Prime Minister John Key would pay an estimated extra $150,000 in tax a year on his Auckland home under a new tax on equity policy released by wealthy economist Gareth Morgan’s new Opportunities Party.

In a media conference staged opposite Mr Key’s Parnell mansion, Mr Morgan said his own asset portfolio would incur an extra $350,000 tax a year under the flagship policy aimed at making the revenue system fairer.

The tax policy, first proposed in a Morgan Foundation report on tax released in April, proposes expanding the definition of annual taxable income to include a minimum rate of return an equity owner gets from their productive assets, including houses, farms, equipment, cars and even intellectual property in a business. Those who already declare at least that level of income will be unaffected and those  who do not will pay more.

The only exemption would be financial assets such as shares, deposits and bonds which already have tax paid on them. It  was an extension of what the Government already  did under the Fair Dividend Rate regime for New Zealanders who owned shares overseas, Mr Morgan said.

"Government is already doing this policy but only to a select few. No-one wants to go near housing," he said.

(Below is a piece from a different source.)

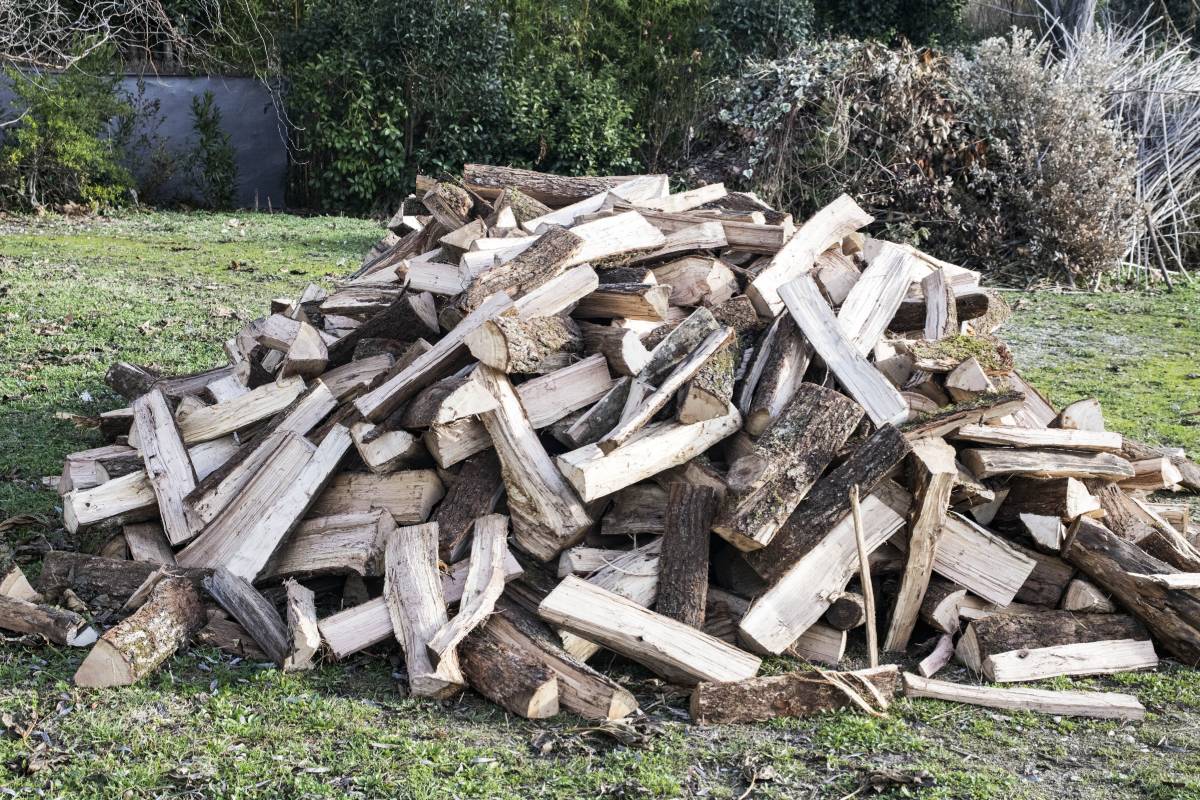 Un tas de bois de chauffage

He stressed the policy  was not a tax grab. Overall, the  fledgling party’s package would be tax neutral, with every additional tax dollar collected given back via income tax cuts, which Mr Morgan said he would make bottom-ended so those on lower incomes  got more.

When questioned whether the policy would be a hard sell to house-owners, he said:  "I’m going to give you more money back in tax cuts than you have an increase in rates. You’re better off. Only 20% of people won’t be better off and they will hate me."

The level of the minimum rate of return would be up to the government of the day, but in his view, 5%,  the same rate paid on foreign shares, would be appropriate.

Mr Morgan said winning over the public rather than politicians that the tax policy  was a good idea, would give his new party leverage if it got sufficient votes in the next election.

"We want to be the tail that wags the dog, whoever the dog is in parliament," he said.

"We want to stay on the cross benches and we’re for sale basically to the highest bidder in terms of who makes the most of the seven policies we’ll be putting out."

Mr Morgan said the current tax system  was biased with wage earners paying too much of the tax bill.  The radical policy  he was proposing addressed  the fact the trickledown promised under Rogernomics still had not happened 30 years later. Income inequality in New Zealand had gone up markedly since the early 1980s.

Mr Morgan said despite the fact Mr Key  was a nice guy, "I think his legacy will be inequality went up yet again under his reign. And the biggest riser of inequality over this latter period has been the increase in housing costs."

Since 2010, the country with the strongest rise in house prices relative to income had been New Zealand.